Another challenge considered by the faculty was low IPE “buy-in” among students that may translate into lack of enthusiasm or interest in participating in IPE activities. IPE necessitates collaboration not only from faculty members, but also among students from all participating healthcare disciplines. Qatar could consider having events or programs aimed at increasing the students’ awareness of the value and importance of IPE in terms of promoting team-based learning and potentially improving patient safety and healthcare delivery. Encouragingly, the first Interprofessional Education Student Society was created to facilitate interaction and collaboration between healthcare students in Qatar and enhance their learning environment. An additional concern was the mismatch between current state of collaborative practice care in Qatar and the IPE-related educational expectations. The goal of IPE is for students to ultimately work as part of an interprofessional team and apply the concepts and skills that they have acquired into practice, but the environment they will face upon graduation may preclude opportunities to interact with more than simply physicians and nurses [25].

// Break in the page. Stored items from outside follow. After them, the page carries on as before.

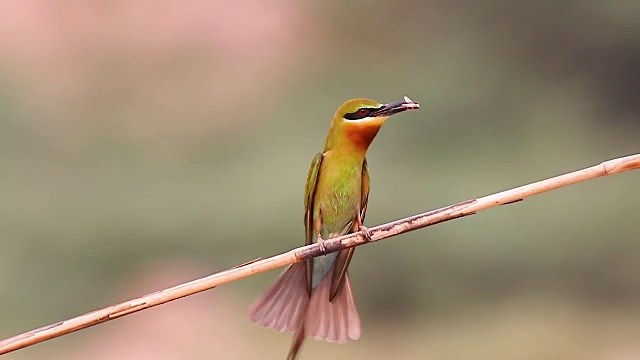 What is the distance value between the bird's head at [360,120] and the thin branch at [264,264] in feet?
0.54

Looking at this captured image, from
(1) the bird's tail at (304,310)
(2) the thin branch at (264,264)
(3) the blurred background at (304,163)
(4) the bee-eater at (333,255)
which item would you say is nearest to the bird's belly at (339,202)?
(4) the bee-eater at (333,255)

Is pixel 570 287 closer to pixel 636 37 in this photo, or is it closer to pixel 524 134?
pixel 524 134

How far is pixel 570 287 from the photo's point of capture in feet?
13.3

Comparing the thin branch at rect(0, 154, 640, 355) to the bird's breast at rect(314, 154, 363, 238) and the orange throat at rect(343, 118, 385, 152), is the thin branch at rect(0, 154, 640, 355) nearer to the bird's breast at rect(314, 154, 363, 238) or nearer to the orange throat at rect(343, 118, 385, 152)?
the orange throat at rect(343, 118, 385, 152)

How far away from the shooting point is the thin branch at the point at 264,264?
105 cm

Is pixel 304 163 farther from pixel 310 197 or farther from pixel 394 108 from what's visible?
pixel 394 108

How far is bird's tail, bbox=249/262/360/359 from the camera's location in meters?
1.48

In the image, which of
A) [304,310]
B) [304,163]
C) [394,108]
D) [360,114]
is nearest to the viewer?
[394,108]

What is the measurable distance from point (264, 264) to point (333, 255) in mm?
592

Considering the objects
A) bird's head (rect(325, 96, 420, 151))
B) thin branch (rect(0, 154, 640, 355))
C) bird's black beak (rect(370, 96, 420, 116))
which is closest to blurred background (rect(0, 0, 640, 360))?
bird's head (rect(325, 96, 420, 151))

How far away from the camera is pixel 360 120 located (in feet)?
4.45

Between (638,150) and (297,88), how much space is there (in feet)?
5.42

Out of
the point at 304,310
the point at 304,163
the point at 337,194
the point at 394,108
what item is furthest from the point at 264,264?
the point at 304,163

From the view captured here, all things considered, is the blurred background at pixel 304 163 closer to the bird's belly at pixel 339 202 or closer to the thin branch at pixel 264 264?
the bird's belly at pixel 339 202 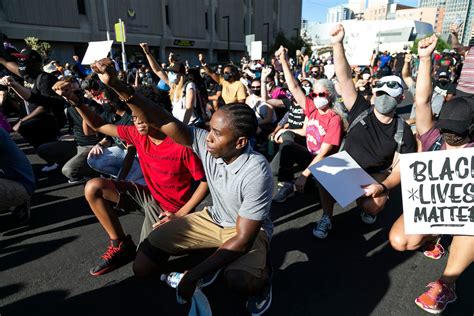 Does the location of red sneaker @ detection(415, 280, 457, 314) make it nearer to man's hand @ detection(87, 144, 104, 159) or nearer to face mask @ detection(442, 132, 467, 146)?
face mask @ detection(442, 132, 467, 146)

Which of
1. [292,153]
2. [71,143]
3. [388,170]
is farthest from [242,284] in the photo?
[71,143]

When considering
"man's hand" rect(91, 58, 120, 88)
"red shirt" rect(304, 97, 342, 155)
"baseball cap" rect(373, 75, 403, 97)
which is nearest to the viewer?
"man's hand" rect(91, 58, 120, 88)

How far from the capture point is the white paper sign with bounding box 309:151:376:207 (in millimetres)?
2787

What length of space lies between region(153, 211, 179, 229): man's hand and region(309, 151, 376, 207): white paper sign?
134 cm

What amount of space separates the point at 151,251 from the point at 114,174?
1.91 m

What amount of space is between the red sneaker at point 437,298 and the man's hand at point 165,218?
6.39ft

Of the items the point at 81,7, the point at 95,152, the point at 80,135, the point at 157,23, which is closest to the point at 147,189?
the point at 95,152

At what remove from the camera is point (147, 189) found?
2932mm

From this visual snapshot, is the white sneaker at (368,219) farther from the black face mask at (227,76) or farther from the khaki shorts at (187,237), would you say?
the black face mask at (227,76)

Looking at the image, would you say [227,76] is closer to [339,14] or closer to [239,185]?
[239,185]

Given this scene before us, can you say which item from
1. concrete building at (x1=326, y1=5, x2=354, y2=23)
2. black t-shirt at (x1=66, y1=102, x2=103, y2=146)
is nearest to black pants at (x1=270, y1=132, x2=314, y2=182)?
black t-shirt at (x1=66, y1=102, x2=103, y2=146)

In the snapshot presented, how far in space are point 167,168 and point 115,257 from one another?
953 millimetres

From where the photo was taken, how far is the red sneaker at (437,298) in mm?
2275

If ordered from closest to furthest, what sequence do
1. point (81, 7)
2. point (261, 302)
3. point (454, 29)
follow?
point (261, 302) < point (454, 29) < point (81, 7) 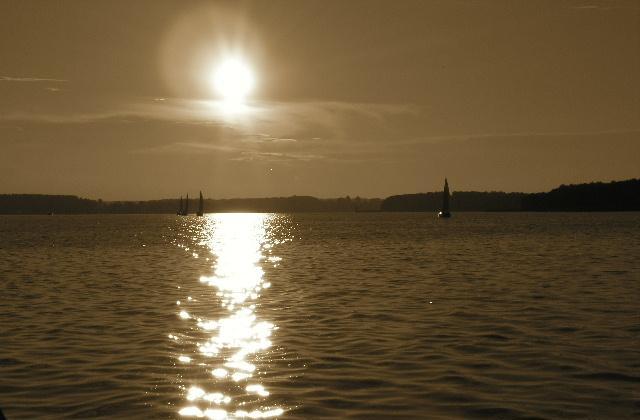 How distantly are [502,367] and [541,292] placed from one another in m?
16.6

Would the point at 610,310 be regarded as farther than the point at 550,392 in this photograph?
Yes

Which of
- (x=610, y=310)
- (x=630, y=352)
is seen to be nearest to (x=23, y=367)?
(x=630, y=352)

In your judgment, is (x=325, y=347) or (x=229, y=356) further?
(x=325, y=347)

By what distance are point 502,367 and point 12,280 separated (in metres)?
33.4

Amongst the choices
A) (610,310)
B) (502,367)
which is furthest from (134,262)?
(502,367)

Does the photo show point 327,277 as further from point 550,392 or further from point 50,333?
point 550,392

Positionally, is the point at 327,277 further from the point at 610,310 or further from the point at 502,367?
the point at 502,367

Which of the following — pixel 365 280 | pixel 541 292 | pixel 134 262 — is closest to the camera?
pixel 541 292

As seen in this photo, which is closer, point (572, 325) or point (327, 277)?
point (572, 325)

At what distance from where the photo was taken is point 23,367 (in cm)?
1736

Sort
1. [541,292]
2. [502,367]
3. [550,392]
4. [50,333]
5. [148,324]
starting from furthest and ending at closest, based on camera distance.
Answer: [541,292] < [148,324] < [50,333] < [502,367] < [550,392]

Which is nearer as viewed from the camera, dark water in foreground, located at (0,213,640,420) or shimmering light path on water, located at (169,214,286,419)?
shimmering light path on water, located at (169,214,286,419)

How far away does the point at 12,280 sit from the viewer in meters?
41.4

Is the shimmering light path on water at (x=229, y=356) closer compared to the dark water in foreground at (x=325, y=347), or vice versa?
the shimmering light path on water at (x=229, y=356) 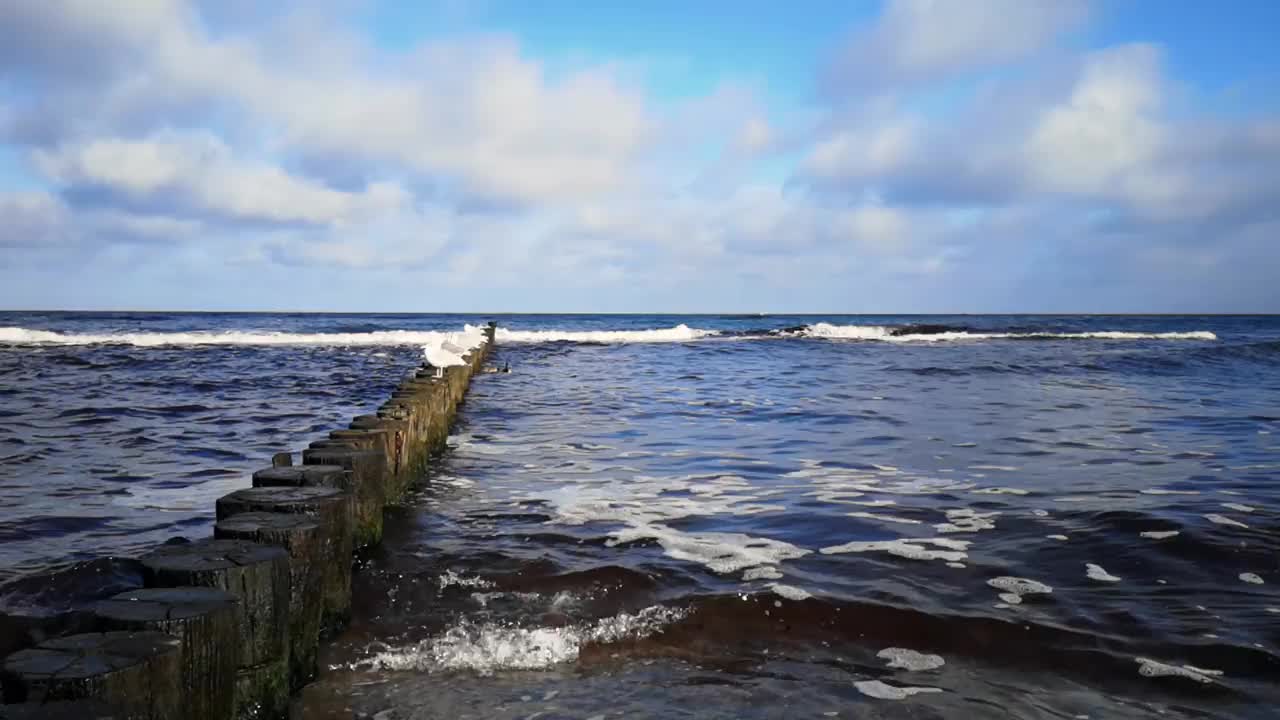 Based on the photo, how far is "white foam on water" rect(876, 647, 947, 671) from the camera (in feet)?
12.1

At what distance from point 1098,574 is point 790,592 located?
1894mm

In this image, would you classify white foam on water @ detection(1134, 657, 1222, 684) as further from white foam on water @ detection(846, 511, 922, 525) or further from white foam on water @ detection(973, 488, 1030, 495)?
white foam on water @ detection(973, 488, 1030, 495)

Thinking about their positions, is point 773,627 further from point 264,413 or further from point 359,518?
point 264,413

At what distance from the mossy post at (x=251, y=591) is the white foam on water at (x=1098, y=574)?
4.28 metres

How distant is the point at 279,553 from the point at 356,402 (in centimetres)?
Answer: 1127

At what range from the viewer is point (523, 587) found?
15.1 ft

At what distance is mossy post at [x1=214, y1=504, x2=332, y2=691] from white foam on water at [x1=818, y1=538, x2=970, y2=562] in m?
3.12

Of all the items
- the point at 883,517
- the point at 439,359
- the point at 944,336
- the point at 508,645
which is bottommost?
the point at 508,645

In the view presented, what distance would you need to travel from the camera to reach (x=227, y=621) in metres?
2.43

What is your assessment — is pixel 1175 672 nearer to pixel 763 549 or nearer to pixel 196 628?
pixel 763 549

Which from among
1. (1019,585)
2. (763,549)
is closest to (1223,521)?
(1019,585)

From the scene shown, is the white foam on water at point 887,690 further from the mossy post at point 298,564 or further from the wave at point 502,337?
the wave at point 502,337

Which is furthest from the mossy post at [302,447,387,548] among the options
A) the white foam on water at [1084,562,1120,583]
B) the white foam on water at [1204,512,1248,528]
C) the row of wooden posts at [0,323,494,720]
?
the white foam on water at [1204,512,1248,528]

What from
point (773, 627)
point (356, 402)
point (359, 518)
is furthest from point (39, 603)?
point (356, 402) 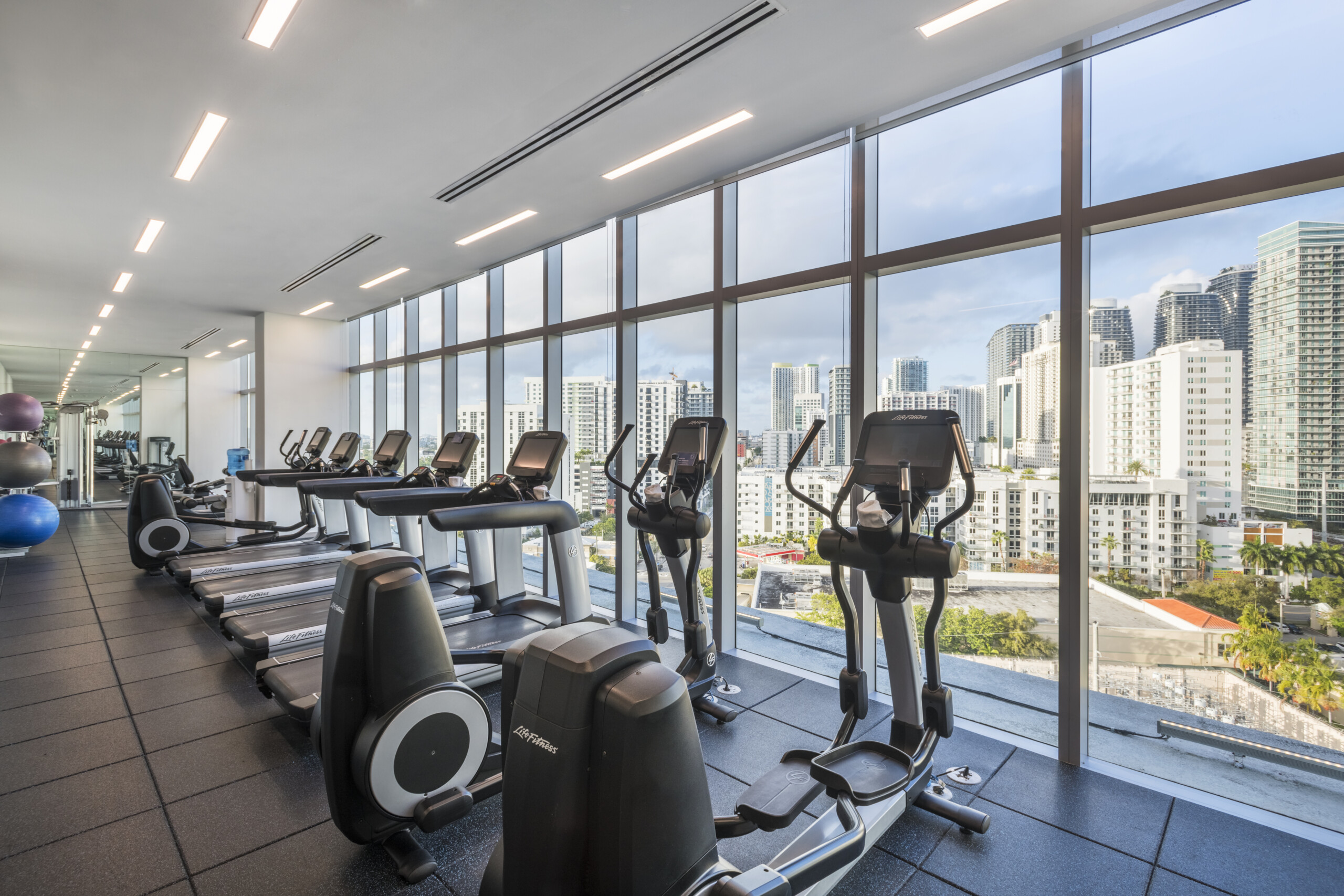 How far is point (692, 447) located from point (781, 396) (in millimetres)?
967

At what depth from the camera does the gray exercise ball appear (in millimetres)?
6410

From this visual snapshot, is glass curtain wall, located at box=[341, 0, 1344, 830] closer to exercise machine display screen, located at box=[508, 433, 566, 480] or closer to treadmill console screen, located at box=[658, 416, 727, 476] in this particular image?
treadmill console screen, located at box=[658, 416, 727, 476]

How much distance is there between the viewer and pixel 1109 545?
2686 mm

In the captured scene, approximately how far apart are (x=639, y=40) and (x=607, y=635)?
8.16 feet

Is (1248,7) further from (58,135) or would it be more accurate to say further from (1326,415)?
(58,135)

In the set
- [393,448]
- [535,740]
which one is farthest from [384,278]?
[535,740]

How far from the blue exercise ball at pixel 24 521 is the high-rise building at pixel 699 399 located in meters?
7.06

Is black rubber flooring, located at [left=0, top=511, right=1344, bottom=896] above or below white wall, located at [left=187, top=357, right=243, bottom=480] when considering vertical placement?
below

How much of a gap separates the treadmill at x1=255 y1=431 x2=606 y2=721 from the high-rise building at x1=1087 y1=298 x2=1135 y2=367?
2.62m

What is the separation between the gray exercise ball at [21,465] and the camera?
6410 millimetres

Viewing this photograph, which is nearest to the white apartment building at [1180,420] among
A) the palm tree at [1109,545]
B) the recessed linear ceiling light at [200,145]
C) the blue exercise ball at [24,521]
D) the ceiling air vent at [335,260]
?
the palm tree at [1109,545]

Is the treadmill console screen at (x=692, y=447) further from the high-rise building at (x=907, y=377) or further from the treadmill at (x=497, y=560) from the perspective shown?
the high-rise building at (x=907, y=377)

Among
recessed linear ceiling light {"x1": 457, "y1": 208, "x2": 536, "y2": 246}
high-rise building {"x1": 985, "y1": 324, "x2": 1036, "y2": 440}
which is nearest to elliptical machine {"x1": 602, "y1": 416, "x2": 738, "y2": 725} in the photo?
high-rise building {"x1": 985, "y1": 324, "x2": 1036, "y2": 440}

In addition, a lack of structured and objective means to assess students was considered a significant shortcoming in the IPE activities, thus far. Currently, there are no standardized approaches for evaluating our IPE activities or for determining students’ achievement of the shared IPE competencies in pharmacy or even across the other healthcare disciplines in Qatar. Designing and implementing a comprehensive assessment plan that targets the goals and educational competencies of IPE with involvement from all healthcare training institutions is warranted [26]. Information regarding the impact of IPE on practice is another critical outcome measure lacking in ours and other IPE programming [23]. Indeed, despite healthcare educators’ investment in IPE, there is no strong evidence on its effectiveness on health processes and patient outcomes. A Cochrane review by Reeves et al. found some studies demonstrating the positive impact of IPE in areas such as diabetes care and emergency medicine, but other studies have failed to show IPE’s impact on professional practice or patient care [20]. It is not plausible at this stage to make any conclusions about IPE initiatives in Qatar and an association with patient outcomes, as we too need to design further studies in this regard.

Conclusion

The development and implementation of IPE in a new setting results in many lessons learned that can benefit others attempting to develop or refine similar programming. First, it is useful to develop IPE competency domains that are relevant to all healthcare professions within the practice setting. Secondly, continuous professional development related to planning, facilitation, and assessment of IPE activities for new and current faculty is necessary to uphold the interprofessional integrity of the activity. Thirdly, coordinating schedules, devoting time, and allocating a dedicated space to conduct IPE activities are required to achieve active participation from all healthcare professions. Finally, disseminating one’s experiences with IPE activities through presentations and publications is essential to foster scholarship and collaboration among healthcare institutions. Furthermore, measuring the impact of the IPE initiatives is vital to ensure these endeavours are not futile in the healthcare setting.